(Input records)

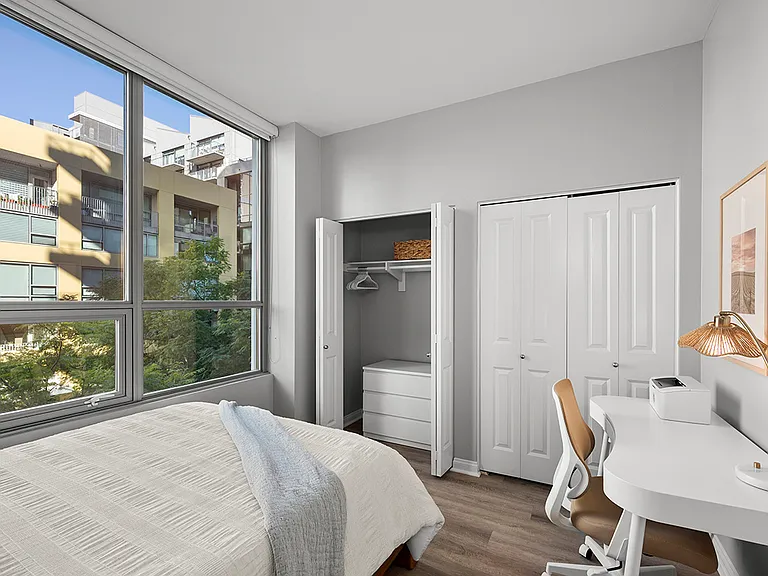 253 10th Ave #321 — Photo 29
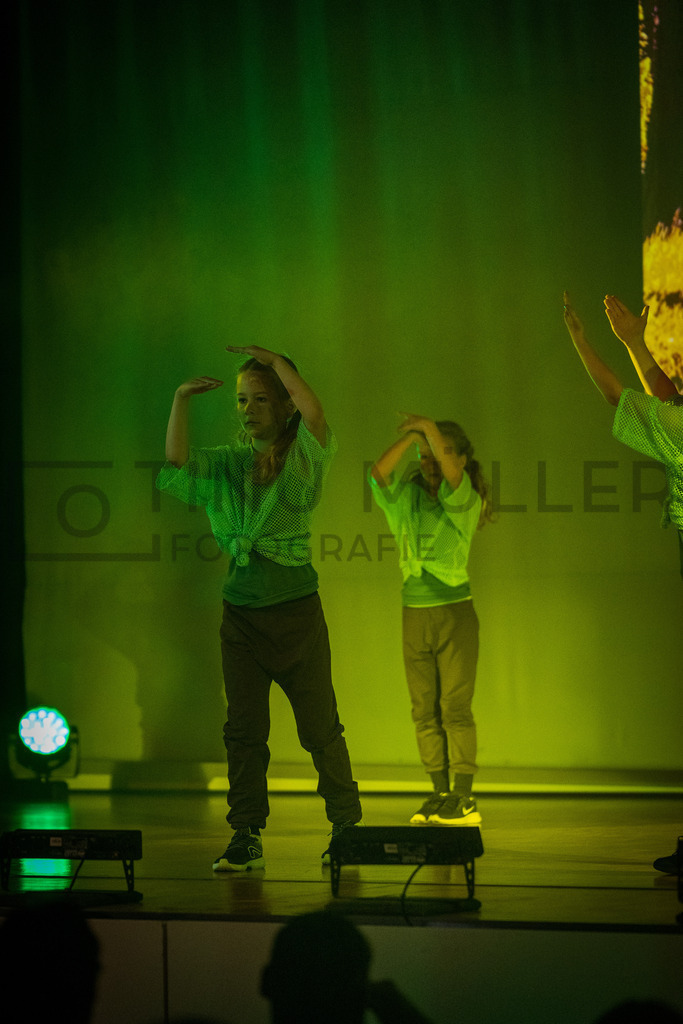 _DSC2178 | Tinu Müller Fotografie- Bildershop - Realisiert mit Pictrs.com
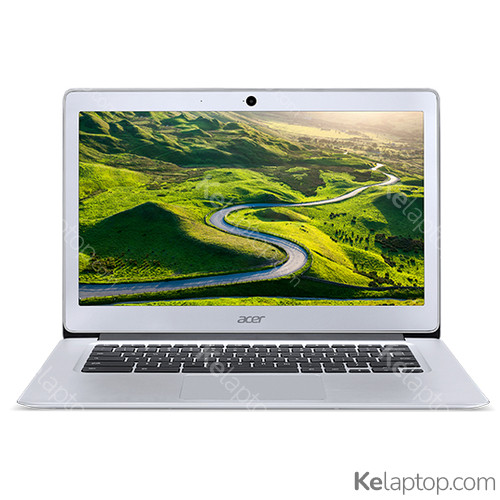 Acer Chromebook 14 CB3-431-C2WG Caractéristiques Acer Chromebook 14 CB3-431-C2WG Caractéristiques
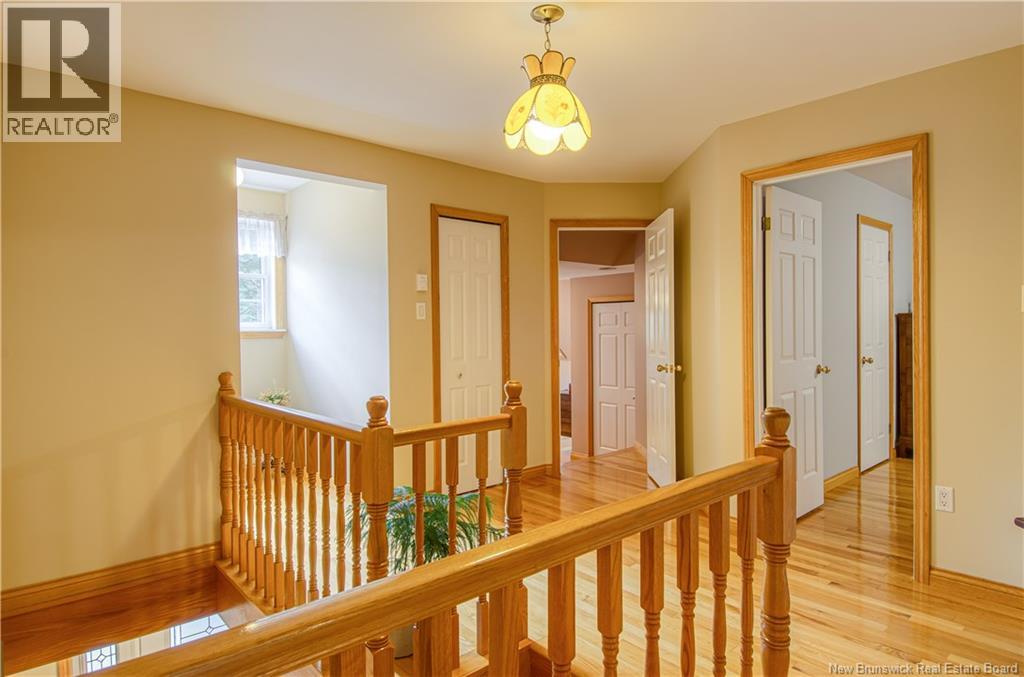 31 Sheila Avenue - 19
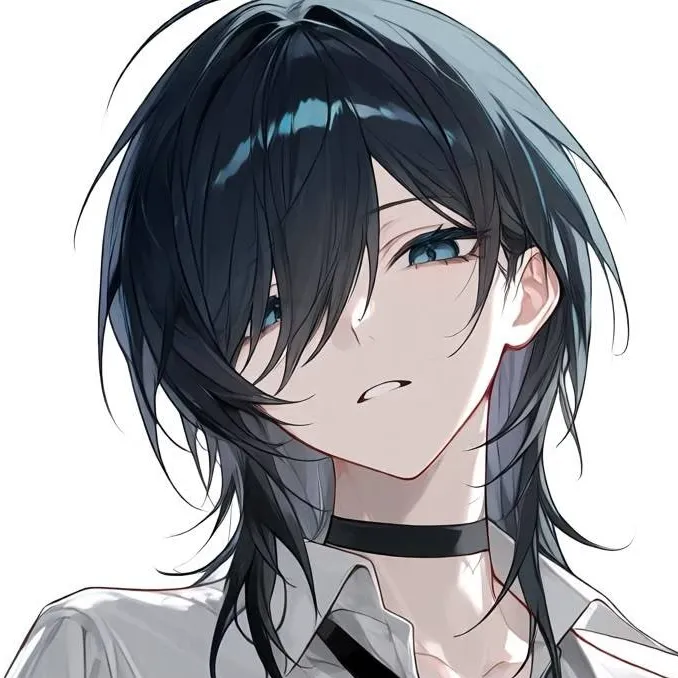 chat with ai character: akira mitaka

(End Input records)

Exercise goal = An exact retyping of the entries, without images, is the required answer.

Problem solution =
 253 10th Ave #321 — Photo 29
 _DSC2178 | Tinu Müller Fotografie- Bildershop - Realisiert mit Pictrs.com
 Acer Chromebook 14 CB3-431-C2WG Caractéristiques Acer Chromebook 14 CB3-431-C2WG Caractéristiques
 31 Sheila Avenue - 19
 chat with ai character: akira mitaka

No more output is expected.